The door flung open, and a tall woman stalked out, her wide skirts swirling round her, a harassed maidservant hurrying after her.

‘Thomas,’ she said sharply as she crossed the chamber, elbowed the clerk aside when he would have opened the door for her, jerked at the latch and flung the heavy boards back. The door, rebounding, caught her servant’s shoulder as he hurried to accompany her, then crashed shut behind the party.

Dhia!’ said Euan from the corner. ‘You would take her for Scathach herself!’

The man of law who appeared from the inner room was not an imposing figure. A foot or so shorter than Gil, narrow of face and form, one shoulder higher than the other, he glared after Mistress Trabboch, then sniffed disparagingly and turned to Gil.

‘Aye?’ he said.

Gil bowed, and said in Latin, ‘Good day to you, brother. May I have a word?’
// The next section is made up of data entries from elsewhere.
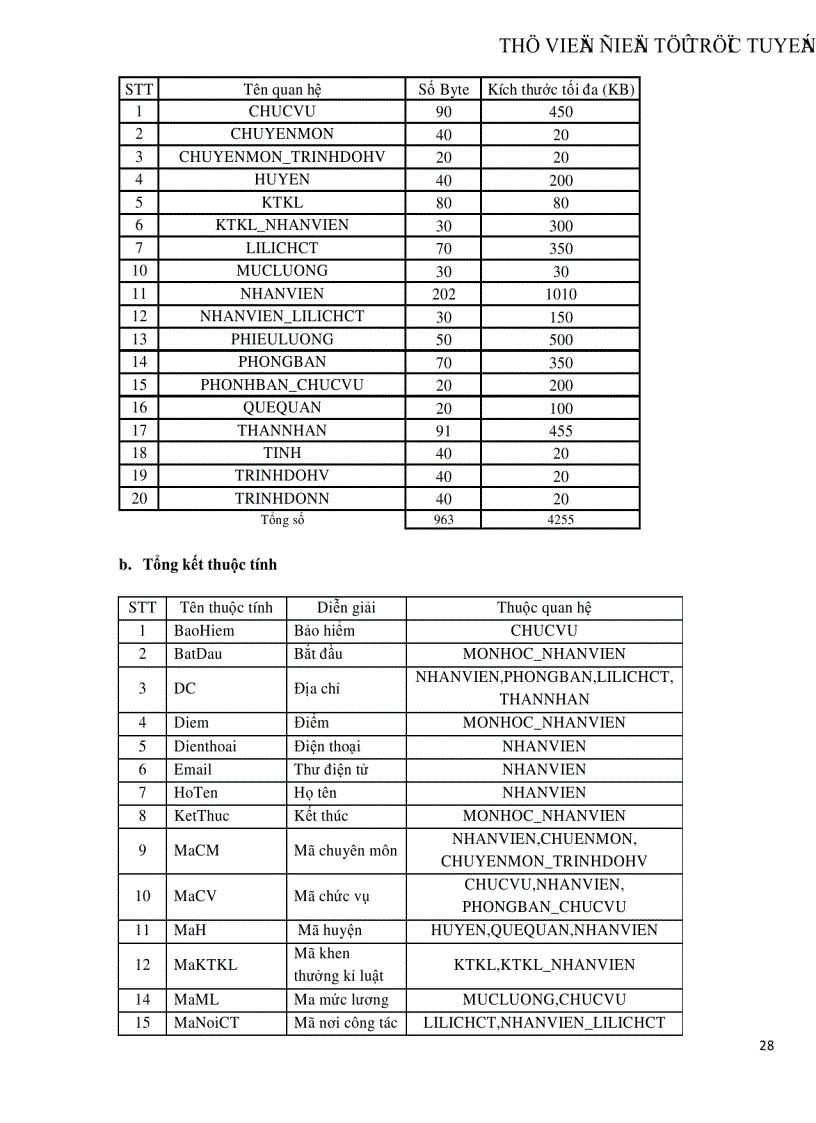 image for page Phân tích và Thiết kế hệ thống quản lý nhân sự tiền luơng cho công ty Sun Rise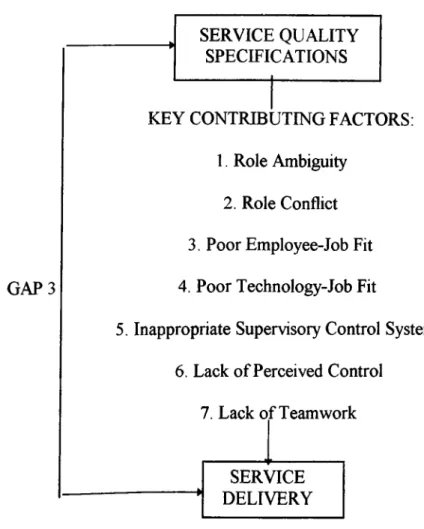 Figure  7:  Key Factors Contributing to Gap 3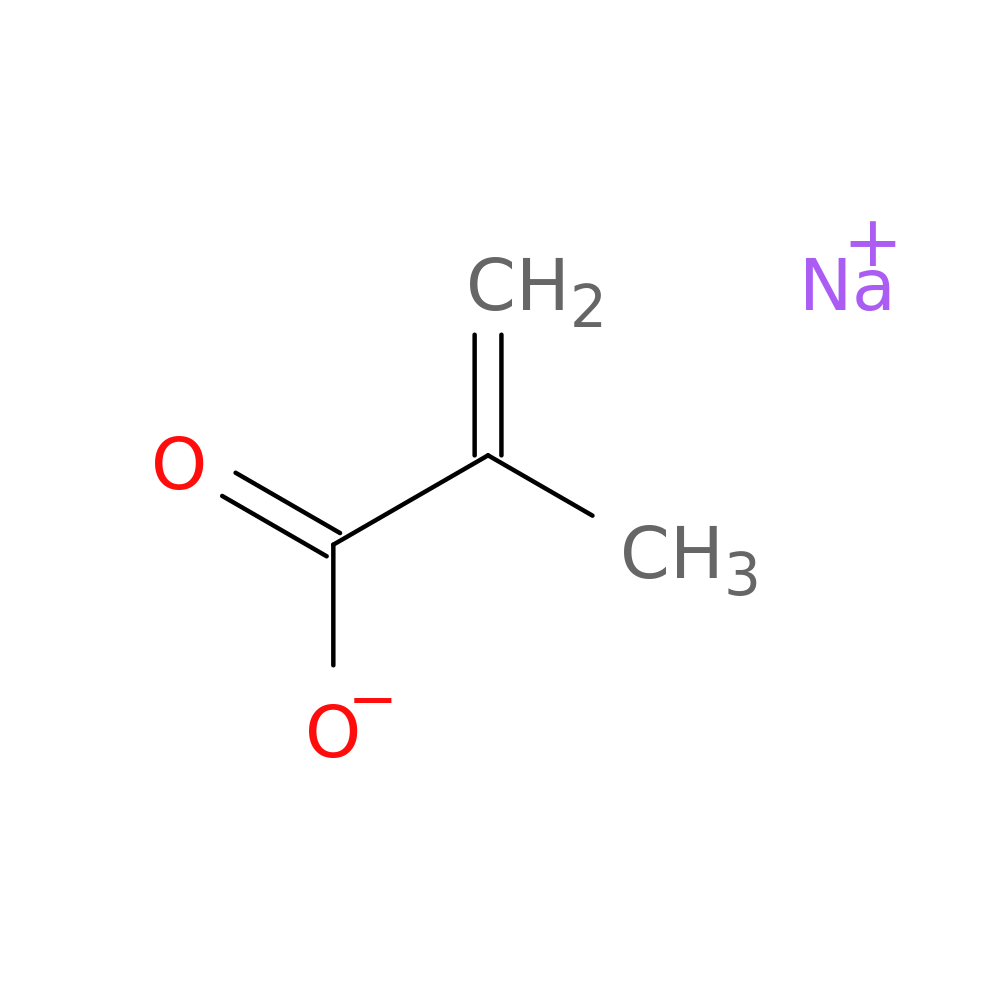 Sodium Methacrylate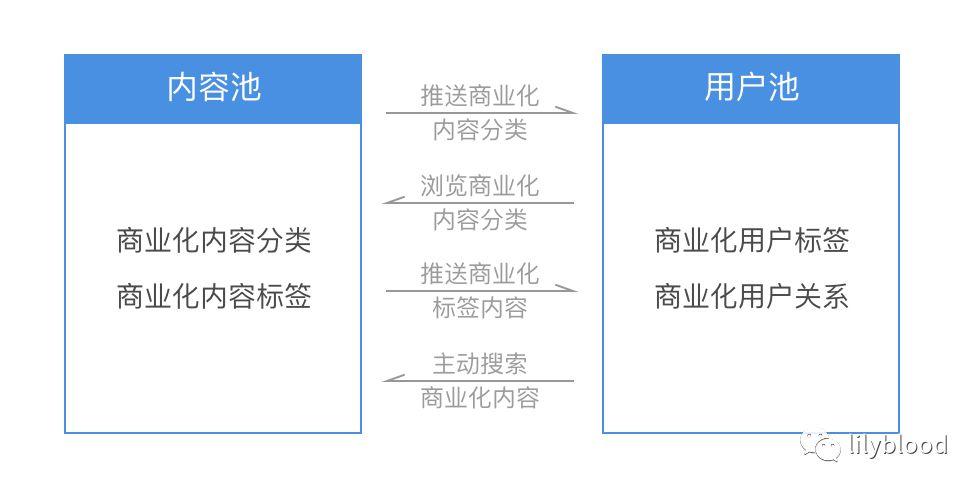 抖音的商业化及其趋势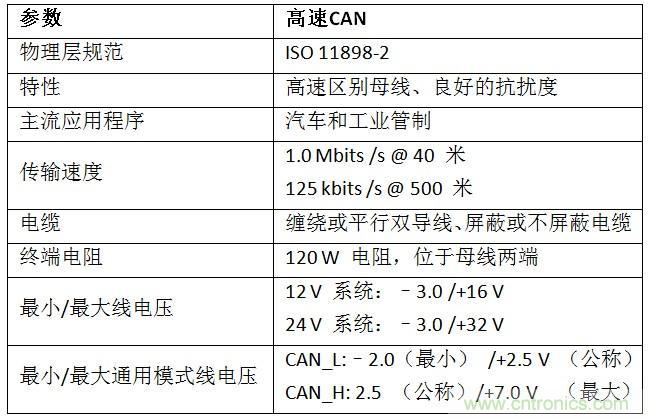  汽車級瞬態(tài)電壓抑制器，提供專業(yè)級保護(hù)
Maister Pullar stared hard at him for a moment, then turned back into his chamber, saying in the same language, ‘Hah! Come in.’
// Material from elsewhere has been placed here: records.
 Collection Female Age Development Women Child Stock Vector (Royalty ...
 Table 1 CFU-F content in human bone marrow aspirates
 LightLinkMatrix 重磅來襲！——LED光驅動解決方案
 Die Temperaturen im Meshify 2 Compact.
‘A difficult client,’ Gil observed, closing the door behind him.

‘Difficult!’ said Maister Pullar. ‘Aye, very difficult. How may I help you, brother?’
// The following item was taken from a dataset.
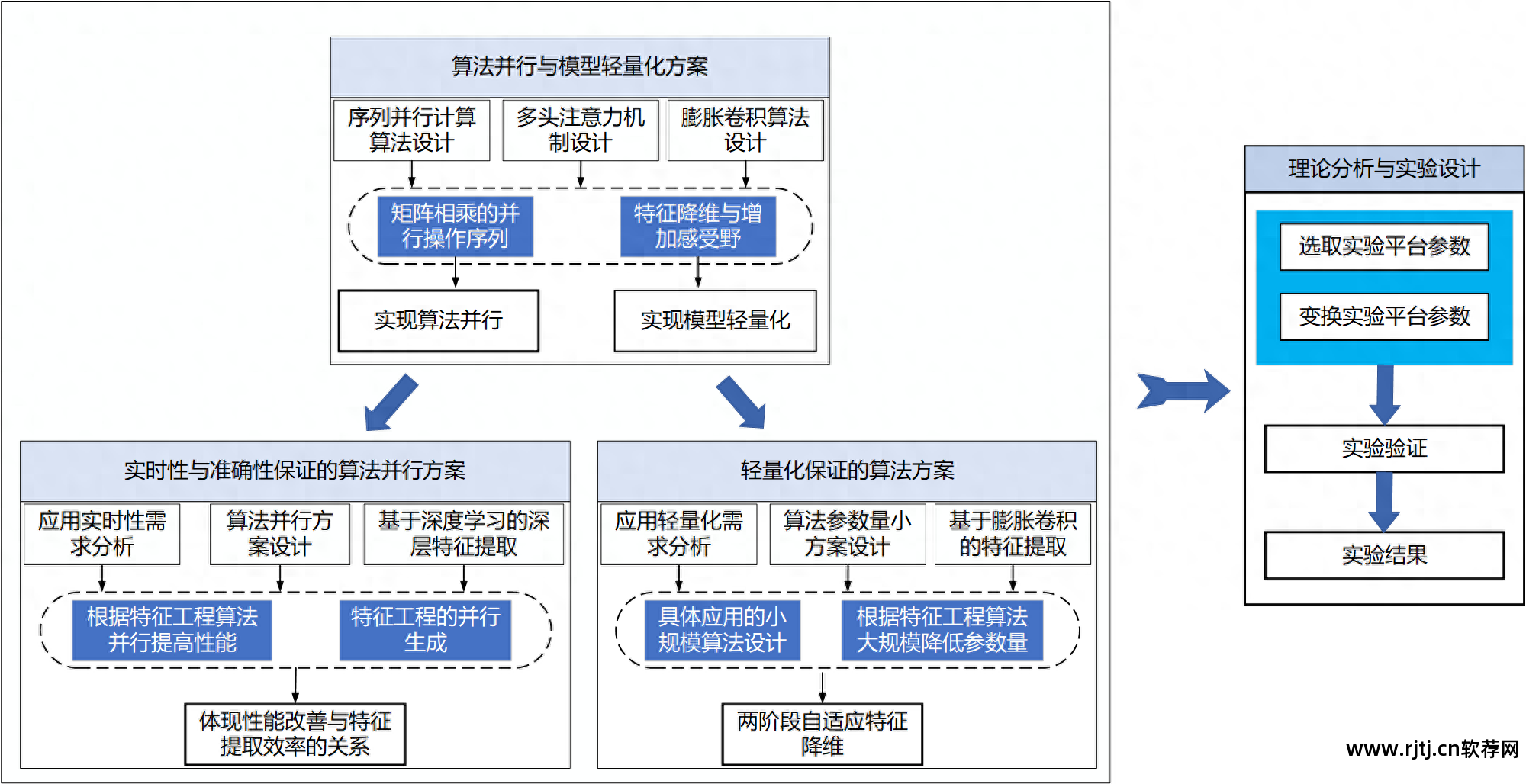 电脑下载软件流程图_软件流程图软件_怎么下载发票软件流程图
Gil introduced himself and they bowed again, the formal recognition of one man of law for another. Pullar sat down at his elaborate desk and waved at the nearest stool.

‘Have a seat, maister. And what brings Blacader’s quaestor into Perth? The Archbishop of Glasgow has no authority in Dunkeld diocese.’ His Latin had the accent of St Andrews rather than Glasgow.

‘I know that,’ Gil agreed. ‘I am lodged at the house of the Dominicans.’

‘Ah. In the matter of the disappearance of Leonard Pollock, I must suppose.’

‘Indeed.’ Gil was watching the man, maintaining his friendly expression. ‘I am told you had some dealings with him. I hoped you might be able to tell me a little, seeing he is now known to be dead.’

‘Dead, is he? That is certain?’

‘The fire which was thought to have carried him off in fact destroyed his body absolutely. We have found his ashes.’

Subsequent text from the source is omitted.